Come Back, Little Sheba (1952) and The Rose Tattoo (1955)

Toronto Film Society presented Come Back, Little Sheba (1952) on Monday, October 8, 1986 in a double bill with The Rose Tattoo (1955) as part of the Season 39 Monday Evening Film Buffs Series “B”, Programme 1.

Come Back, Little Sheba (1952)

Production Company: A Hal B. Wallis Production presented by Paramount.  Producer: Hal B. Wallis.  Director: Daniel Mann.  Screenplay: Ketti Frings, from the play by William Inge.  Photography: James Wong Howe.  Editor: Warren Low.  Music: Franz Waxman.  Art Directors: Hal Pereira, Henry Bumstead.  Sets: Sam Comer, Russ Dowd.

Cast:  Burt Lancaster (Doc Delaney), Shirley Booth (Lola Delaney), Terry Moore (Marie Buckholder), Richard Jaeckel (Turk Fisher), Philip Ober (Ed Anderson), Liz Golm (Mrs.
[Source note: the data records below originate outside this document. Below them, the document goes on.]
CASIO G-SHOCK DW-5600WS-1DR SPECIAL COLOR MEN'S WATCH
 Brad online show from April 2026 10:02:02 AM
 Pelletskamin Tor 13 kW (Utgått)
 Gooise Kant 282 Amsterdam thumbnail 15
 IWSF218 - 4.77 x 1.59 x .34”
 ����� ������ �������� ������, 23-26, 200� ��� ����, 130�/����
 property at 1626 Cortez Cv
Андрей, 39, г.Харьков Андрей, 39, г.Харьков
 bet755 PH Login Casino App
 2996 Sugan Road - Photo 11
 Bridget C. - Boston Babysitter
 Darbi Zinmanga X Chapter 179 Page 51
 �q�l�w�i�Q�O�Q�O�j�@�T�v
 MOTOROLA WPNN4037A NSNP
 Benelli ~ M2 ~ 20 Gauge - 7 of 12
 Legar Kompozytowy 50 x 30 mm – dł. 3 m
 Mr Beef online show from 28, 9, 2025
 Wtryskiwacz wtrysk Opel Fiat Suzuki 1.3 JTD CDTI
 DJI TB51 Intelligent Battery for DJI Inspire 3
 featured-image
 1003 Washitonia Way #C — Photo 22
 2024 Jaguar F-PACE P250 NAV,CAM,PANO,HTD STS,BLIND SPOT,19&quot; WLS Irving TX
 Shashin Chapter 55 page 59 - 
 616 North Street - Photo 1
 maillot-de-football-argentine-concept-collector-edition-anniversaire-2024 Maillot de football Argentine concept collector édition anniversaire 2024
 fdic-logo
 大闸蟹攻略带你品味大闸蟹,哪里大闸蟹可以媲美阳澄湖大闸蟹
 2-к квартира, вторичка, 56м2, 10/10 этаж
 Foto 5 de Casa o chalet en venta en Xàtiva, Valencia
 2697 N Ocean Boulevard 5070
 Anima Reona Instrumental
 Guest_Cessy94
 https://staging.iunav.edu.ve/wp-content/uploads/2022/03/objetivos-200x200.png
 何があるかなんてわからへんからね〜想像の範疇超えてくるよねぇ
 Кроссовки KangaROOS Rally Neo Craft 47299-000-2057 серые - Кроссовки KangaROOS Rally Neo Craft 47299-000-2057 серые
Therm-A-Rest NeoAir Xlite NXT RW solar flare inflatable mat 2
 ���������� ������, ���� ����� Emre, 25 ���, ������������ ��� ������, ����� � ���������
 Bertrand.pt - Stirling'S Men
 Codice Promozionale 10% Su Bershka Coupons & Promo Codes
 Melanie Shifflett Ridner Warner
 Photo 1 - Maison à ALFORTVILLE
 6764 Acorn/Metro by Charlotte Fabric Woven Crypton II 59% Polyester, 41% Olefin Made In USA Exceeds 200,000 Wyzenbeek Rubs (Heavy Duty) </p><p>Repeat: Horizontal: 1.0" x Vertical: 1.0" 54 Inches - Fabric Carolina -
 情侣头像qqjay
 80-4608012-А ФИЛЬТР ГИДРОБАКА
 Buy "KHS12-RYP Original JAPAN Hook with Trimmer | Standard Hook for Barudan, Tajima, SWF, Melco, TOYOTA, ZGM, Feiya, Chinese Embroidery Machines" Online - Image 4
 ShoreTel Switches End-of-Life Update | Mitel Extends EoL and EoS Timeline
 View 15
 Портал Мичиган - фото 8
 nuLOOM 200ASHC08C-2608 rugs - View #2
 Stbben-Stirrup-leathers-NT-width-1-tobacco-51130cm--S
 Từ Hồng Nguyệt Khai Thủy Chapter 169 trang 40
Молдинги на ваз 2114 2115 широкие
Coffman), Walter Kelley (Bruce), Edwin Max (Elmo Huston).

The Rose Tattoo (1955)

Production Company: A Hal B. Wallis Production presented by Paramount.  Producer: Hal B. Wallis.  Director: Daniel Man.  Screenplay: Tennessee Williams, fro his play; adaptation by Hal Kanter.  Photography: James Wong Howe.  Editor: Warren Low.  Music: Alex North.  Art Direction: Hal Pereira and Tambi Larsen.  Set Decoration: Sam Comer, Arthur Krams.

Cast:  Anna Magnani (Serafina Delle Rose), Burt Lancaster (Alvaro Mangiacavallo),  Marisa Pavan (Rosa Delle Rose), Ben Cooper (Jack Hunter), Virginia Grey (Estelle Hohengarten), Jo Van Fleet (Bessie), Sandro Giglio (Father De Leo), Mimi Aguglia (Assunta), Florence Sundstrom (Flora), Dorrit Kelton (Schoolteacher).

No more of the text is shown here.